What to produce
Could the lines from the start of the data through the line with "Your Freestyle Libre" be set down exactly, with no pictures among them?

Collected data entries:
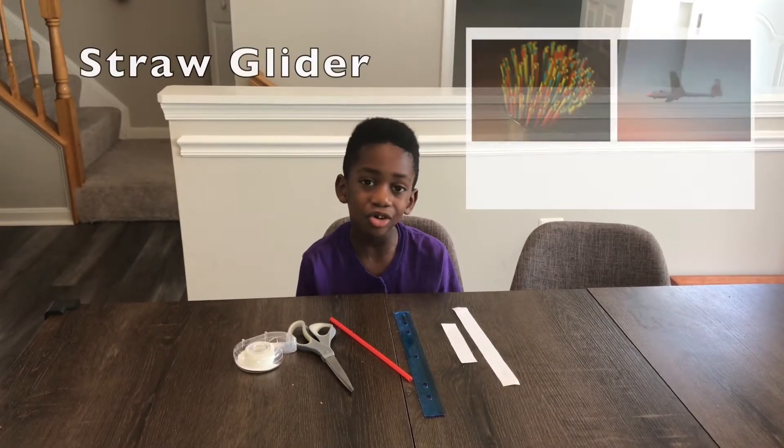Hi, I'm Corbin and that's Mommy. Hi. And today we're going to be making a straw glider.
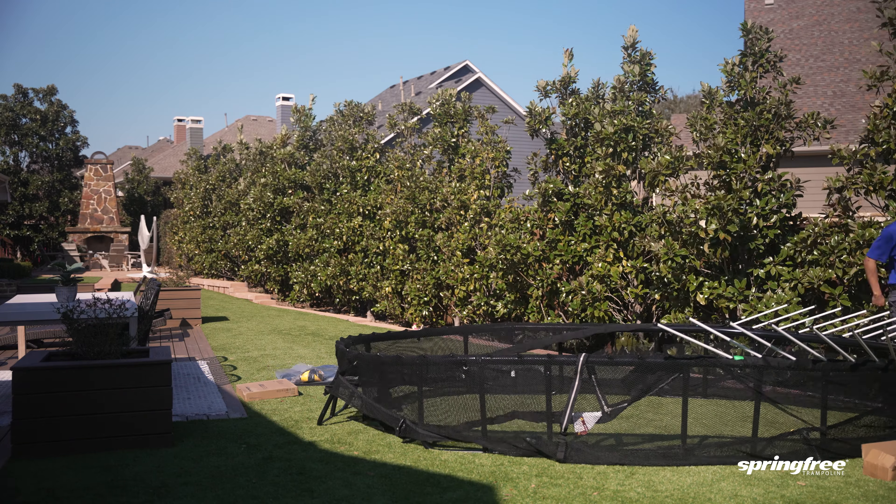Whether you choose professional installation or DIY with the Built app, we've got you covered. Get ready to jump into fun with your perfectly installed spring-free trampoline.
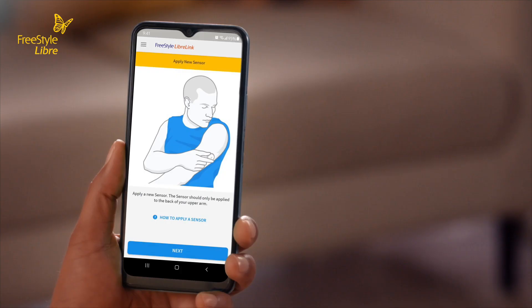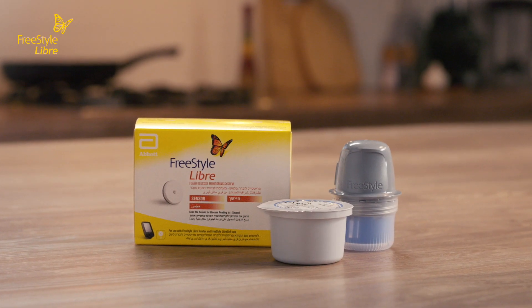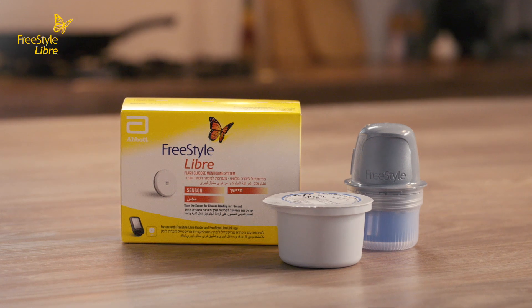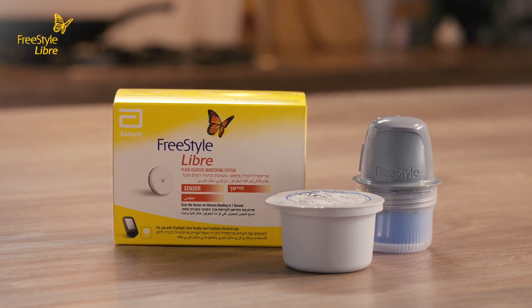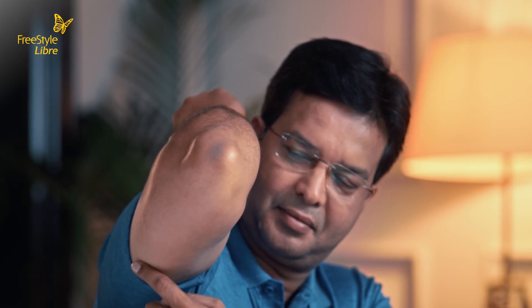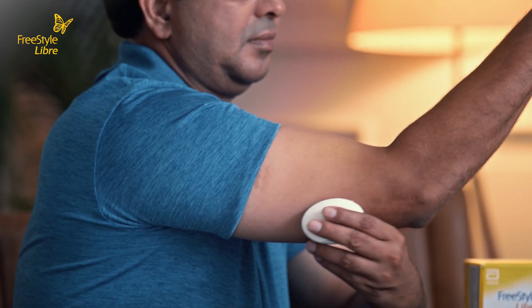Your Freestyle Libre link app is now ready to activate the sensor. Applying the Freestyle Libre sensor is also easy. The Freestyle Libre sensor kit comes in two parts: a sensor applicator and the sensor. To get started, select a site on the back of your upper arm. For optimal application and adhesion of the sensor, ensure the skin is bare and free from body hair. Clean your skin with soap and water, and make sure your skin is completely dry before applying the sensor.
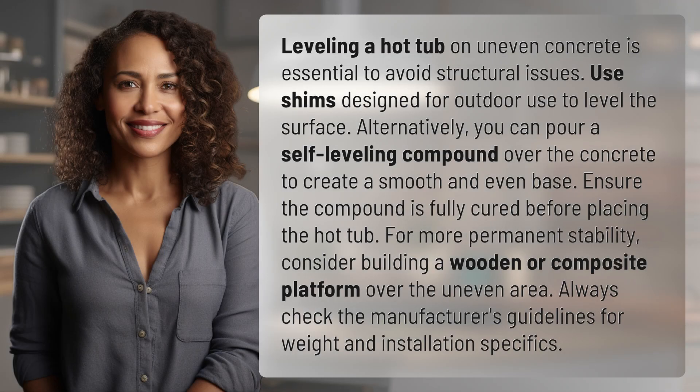Leveling a hot tub on uneven concrete is essential to avoid structural issues. Use shims designed for outdoor use to level the surface. Alternatively, you can pour a self-leveling compound over the concrete to create a smooth and even base.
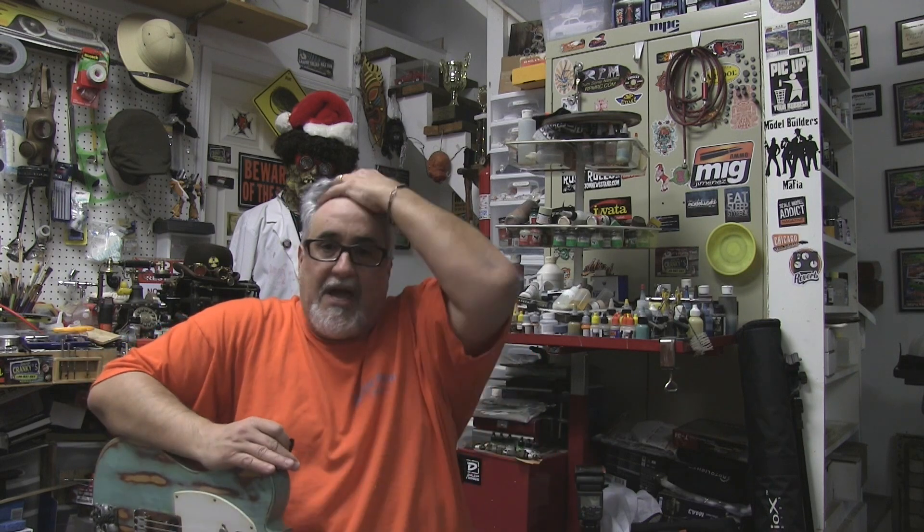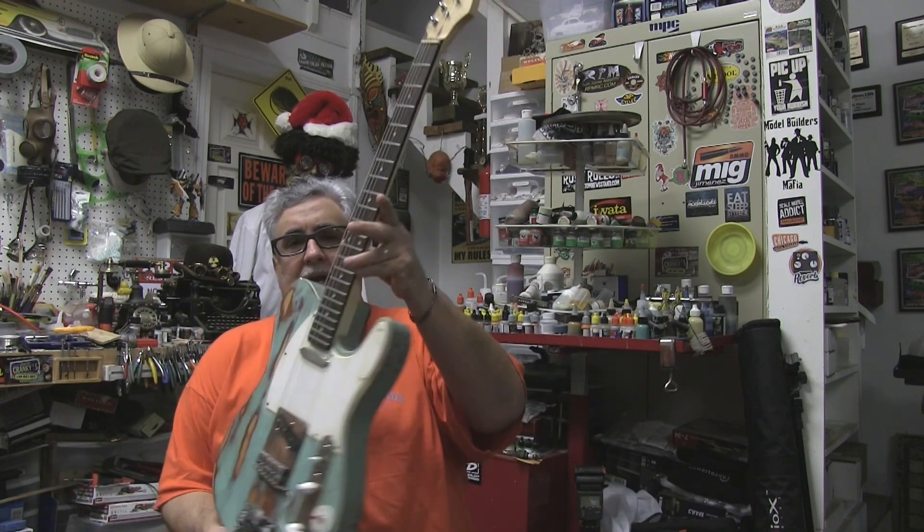Hey everybody, Dr. Cranky here in the laboratory at last. Yes, I am alive and we are continuing to work on the guitars. We do this every once in a while — we take breaks, sometimes short and sometimes longer, from model building and we do all sorts of different things including building guitars.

Exercise answer
Hi, I'm Corbin and that's Mommy. Hi. And today we're going to be making a straw glider.
Whether you choose professional installation or DIY with the Built app, we've got you covered. Get ready to jump into fun with your perfectly installed spring-free trampoline.
Your Freestyle Libre link app is now ready to activate the sensor. Applying the Freestyle Libre sensor is also easy. The Freestyle Libre sensor kit comes in two parts: a sensor applicator and the sensor. To get started, select a site on the back of your upper arm. For optimal application and adhesion of the sensor, ensure the skin is bare and free from body hair. Clean your skin with soap and water, and make sure your skin is completely dry before applying the sensor.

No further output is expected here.